Low-skilled, less-educated, and minority workers are overrepresented in the workforce receiving temporary help service. There is debate among researchers and policymakers about whether providing employment through temporary help service firms provides a path to stable employment or reduces workers' access to better employment opportunities.
To examine how temporary work through the temporary help industry impacts workers in the long run, Peter Mueser co-authored a study which compared the experiences of these workers to those of workers without jobs or who took jobs in other industries. This study focused on individuals in Missouri seeking employment or cash assistance from Temporary Assistance for Needy Families (TANF), a job training program or intensive work search program, and employment exchange services. The researchers conducted analyses in the late 1990s, a time of strong economic growth, and again just after 2000, a time of stagnation.

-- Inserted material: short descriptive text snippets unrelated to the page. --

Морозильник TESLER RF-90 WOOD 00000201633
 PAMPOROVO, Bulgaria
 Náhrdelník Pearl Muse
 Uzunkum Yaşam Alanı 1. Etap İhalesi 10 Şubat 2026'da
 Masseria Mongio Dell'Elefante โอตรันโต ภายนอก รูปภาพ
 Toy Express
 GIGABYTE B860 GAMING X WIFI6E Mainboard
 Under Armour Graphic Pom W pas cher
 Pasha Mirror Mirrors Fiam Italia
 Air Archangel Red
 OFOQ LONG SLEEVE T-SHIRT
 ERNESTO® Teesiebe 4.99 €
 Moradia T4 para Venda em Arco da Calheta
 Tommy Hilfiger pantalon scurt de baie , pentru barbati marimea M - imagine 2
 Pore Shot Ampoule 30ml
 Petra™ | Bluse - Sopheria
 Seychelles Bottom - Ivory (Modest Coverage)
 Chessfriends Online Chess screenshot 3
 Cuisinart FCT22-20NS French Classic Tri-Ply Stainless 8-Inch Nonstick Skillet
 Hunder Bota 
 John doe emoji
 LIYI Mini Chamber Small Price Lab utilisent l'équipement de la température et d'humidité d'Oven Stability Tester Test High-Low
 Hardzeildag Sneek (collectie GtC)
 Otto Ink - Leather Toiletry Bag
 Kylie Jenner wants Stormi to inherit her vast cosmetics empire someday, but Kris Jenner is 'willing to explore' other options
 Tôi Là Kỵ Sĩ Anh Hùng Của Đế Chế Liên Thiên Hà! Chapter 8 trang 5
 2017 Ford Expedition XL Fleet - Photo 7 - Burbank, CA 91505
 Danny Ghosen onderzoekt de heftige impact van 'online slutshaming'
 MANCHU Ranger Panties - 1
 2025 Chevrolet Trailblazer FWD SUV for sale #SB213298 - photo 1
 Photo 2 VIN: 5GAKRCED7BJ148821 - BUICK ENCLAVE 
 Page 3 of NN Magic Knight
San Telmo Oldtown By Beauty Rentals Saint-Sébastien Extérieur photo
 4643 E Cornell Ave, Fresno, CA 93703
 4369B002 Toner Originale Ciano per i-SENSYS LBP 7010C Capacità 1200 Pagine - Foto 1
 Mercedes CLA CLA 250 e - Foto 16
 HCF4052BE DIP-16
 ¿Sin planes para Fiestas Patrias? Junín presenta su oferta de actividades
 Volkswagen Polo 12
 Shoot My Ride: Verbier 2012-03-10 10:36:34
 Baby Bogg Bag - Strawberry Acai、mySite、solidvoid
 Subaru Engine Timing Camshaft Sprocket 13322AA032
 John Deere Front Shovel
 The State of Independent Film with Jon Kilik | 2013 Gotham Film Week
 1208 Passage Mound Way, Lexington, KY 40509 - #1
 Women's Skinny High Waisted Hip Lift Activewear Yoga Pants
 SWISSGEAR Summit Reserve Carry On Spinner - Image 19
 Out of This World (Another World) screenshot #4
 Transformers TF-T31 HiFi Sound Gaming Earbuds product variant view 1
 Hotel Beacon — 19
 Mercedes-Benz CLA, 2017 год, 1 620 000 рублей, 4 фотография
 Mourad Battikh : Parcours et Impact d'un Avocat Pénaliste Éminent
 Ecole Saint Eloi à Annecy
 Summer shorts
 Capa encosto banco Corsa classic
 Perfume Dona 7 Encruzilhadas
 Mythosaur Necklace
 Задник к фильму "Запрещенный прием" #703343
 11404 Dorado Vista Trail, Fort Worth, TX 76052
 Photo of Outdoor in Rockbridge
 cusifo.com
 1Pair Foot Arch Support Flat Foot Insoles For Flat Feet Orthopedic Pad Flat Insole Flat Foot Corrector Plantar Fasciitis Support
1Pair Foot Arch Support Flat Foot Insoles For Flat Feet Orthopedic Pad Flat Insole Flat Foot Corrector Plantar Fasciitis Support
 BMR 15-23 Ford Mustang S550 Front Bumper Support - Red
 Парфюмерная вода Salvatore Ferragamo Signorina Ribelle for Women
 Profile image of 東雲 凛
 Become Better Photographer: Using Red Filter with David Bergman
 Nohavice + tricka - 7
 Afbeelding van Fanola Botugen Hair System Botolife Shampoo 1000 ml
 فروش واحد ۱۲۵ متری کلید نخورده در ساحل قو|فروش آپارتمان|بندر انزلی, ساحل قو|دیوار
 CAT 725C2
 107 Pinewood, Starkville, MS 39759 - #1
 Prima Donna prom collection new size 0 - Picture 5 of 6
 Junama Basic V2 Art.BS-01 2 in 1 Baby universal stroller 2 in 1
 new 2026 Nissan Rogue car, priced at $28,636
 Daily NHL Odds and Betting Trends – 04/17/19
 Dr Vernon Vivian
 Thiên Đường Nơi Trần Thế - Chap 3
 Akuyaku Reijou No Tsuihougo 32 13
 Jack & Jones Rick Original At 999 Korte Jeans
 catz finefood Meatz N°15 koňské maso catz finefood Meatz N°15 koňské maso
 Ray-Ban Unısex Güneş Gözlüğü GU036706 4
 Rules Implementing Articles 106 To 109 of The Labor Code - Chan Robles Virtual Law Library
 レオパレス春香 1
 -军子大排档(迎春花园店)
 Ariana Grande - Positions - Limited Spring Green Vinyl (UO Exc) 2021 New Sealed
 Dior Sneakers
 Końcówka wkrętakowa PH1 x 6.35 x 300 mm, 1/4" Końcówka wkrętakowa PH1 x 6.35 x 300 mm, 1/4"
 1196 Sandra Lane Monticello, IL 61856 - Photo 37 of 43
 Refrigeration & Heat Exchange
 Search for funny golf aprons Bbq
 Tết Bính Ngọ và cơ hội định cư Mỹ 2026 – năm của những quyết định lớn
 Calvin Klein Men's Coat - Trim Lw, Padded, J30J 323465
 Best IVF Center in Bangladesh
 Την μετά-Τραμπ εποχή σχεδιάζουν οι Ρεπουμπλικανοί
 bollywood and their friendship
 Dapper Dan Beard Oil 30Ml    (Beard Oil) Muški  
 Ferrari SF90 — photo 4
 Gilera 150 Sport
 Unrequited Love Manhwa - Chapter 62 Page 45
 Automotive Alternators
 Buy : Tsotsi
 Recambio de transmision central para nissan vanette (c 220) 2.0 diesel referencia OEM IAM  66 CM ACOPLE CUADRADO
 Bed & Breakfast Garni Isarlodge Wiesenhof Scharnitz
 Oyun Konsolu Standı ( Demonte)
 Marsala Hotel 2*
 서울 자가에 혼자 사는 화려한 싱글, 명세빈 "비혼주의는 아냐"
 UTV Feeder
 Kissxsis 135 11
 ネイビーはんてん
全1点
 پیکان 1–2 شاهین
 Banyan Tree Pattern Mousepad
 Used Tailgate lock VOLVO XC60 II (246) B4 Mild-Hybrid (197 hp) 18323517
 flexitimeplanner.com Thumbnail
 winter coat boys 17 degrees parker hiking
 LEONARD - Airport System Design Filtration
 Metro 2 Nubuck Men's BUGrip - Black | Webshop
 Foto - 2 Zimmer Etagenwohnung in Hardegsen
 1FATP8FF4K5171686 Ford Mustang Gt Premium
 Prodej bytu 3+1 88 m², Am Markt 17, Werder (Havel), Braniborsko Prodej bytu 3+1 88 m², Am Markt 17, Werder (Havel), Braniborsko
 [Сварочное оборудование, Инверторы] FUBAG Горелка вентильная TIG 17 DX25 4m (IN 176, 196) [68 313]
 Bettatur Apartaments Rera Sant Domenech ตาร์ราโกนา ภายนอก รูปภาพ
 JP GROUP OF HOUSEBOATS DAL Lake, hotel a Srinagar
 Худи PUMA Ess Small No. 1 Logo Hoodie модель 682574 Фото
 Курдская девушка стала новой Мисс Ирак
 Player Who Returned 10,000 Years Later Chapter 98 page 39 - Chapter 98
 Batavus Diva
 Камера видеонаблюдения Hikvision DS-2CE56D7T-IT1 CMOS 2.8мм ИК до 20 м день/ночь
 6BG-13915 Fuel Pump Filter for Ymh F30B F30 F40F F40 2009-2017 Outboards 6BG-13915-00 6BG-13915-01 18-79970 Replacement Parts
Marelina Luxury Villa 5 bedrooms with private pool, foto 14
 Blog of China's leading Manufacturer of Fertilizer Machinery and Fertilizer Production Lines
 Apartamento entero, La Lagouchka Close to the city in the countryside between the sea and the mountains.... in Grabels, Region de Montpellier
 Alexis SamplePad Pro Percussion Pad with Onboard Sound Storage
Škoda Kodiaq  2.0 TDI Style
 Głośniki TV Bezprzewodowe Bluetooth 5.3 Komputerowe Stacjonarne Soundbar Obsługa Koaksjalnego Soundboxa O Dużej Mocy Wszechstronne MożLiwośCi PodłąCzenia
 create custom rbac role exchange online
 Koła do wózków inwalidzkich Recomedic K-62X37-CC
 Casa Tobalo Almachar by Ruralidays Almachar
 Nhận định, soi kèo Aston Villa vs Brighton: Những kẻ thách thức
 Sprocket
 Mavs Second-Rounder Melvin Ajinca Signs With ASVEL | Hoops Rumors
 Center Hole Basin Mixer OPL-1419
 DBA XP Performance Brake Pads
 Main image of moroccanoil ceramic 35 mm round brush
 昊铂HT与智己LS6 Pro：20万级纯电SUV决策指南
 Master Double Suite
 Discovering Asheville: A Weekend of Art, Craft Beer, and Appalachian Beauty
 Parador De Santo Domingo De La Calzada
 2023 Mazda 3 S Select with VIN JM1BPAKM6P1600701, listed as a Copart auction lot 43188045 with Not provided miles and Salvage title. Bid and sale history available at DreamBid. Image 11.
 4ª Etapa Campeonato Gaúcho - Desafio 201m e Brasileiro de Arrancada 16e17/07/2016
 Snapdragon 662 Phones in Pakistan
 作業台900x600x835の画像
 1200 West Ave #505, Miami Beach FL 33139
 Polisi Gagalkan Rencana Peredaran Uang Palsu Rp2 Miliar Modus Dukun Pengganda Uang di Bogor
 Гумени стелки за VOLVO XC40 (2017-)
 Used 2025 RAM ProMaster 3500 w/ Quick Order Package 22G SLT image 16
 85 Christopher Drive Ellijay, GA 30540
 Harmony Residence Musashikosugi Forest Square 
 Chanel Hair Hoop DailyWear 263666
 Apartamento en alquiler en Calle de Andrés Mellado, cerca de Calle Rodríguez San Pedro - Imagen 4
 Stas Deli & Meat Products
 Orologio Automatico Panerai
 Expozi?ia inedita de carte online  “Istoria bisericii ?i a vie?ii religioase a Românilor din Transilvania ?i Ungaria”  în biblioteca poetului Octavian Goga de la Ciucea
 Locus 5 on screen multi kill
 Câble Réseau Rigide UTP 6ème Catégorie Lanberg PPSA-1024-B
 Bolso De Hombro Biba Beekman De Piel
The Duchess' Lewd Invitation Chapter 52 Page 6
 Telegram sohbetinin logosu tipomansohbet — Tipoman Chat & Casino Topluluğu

The results of this study suggest that temporary help service firms enable individuals seeking employment assistance find jobs more quickly, and that these temporary means of employment offer substantial benefits for workers. These results are particularly evident in the experiences of workers who do not have alternative employment opportunities. However, workers who do not leave temporary help jobs experience poorer earnings prospects than their peers who move on. Transitioning to a job in another sector is key for workers using temporary help services firms, though participants benefit substantially from working with these firms if their alternative is no employment.
These results are important for policymakers considering the impact of temporary help services firms. While these firms are shown to help workers, policymakers must track how well these firms place workers into permanent jobs to get an accurate indication of the effectiveness of these firms' programs.